Instead, it SHALL log a warning identifying the archive file and the
error reason, then continue processing remaining inputs.

#### Scenario: Corrupted archive is skipped
- **WHEN** a corrupted `.zip` file is among the inputs
- **THEN** the system SHALL log a warning for that file and SHALL
  continue processing other inputs

#### Scenario: Password-protected archive is skipped
- **WHEN** a password-protected `.rar` file is among the inputs
- **THEN** the system SHALL log a warning indicating password protection
  and SHALL continue processing other inputs

#### Scenario: Password-protected zip archive is skipped
- **WHEN** a password-protected `.zip` file is among the inputs
- **THEN** the system SHALL log a warning indicating password protection
  and SHALL continue processing other inputs

#### Scenario: Corrupted 7z archive is skipped
- **WHEN** a corrupted `.7z` file is among the inputs
- **THEN** the system SHALL log a warning for that file and SHALL
  continue processing other inputs

#### Scenario: Corrupted tar.gz archive is skipped
- **WHEN** a corrupted `.tar.gz` file is among the inputs
- **THEN** the system SHALL log a warning for that file and SHALL
  continue processing other inputs

### Requirement: Decompression Bomb Protection
The system SHALL enforce a maximum total expanded size (default 1 GiB) and
a maximum entry count (default 10,000 files) per archive.
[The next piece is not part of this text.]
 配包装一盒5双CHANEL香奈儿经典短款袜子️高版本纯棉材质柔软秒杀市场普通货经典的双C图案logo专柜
If either limit
is exceeded during extraction, the system SHALL abort extraction of that
archive, log a warning, and skip it.

#### Scenario: Archive exceeding size limit
- **WHEN** a `.7z` archive's extracted content would exceed 1 GiB
- **THEN** extraction SHALL stop, the partial temp dir SHALL be cleaned
  up, and the archive SHALL be skipped with a warning

#### Scenario: Archive exceeding entry count limit
- **WHEN** a `.tar.gz` archive contains more than 10,000 entries
- **THEN** extraction SHALL stop and the archive SHALL be skipped with a
  warning

#### Scenario: Zip archive exceeding size limit
- **WHEN** a `.zip` archive's extracted content would exceed 1 GiB
- **THEN** extraction SHALL stop, the partial temp dir SHALL be cleaned
  up, and the archive SHALL be skipped with a warning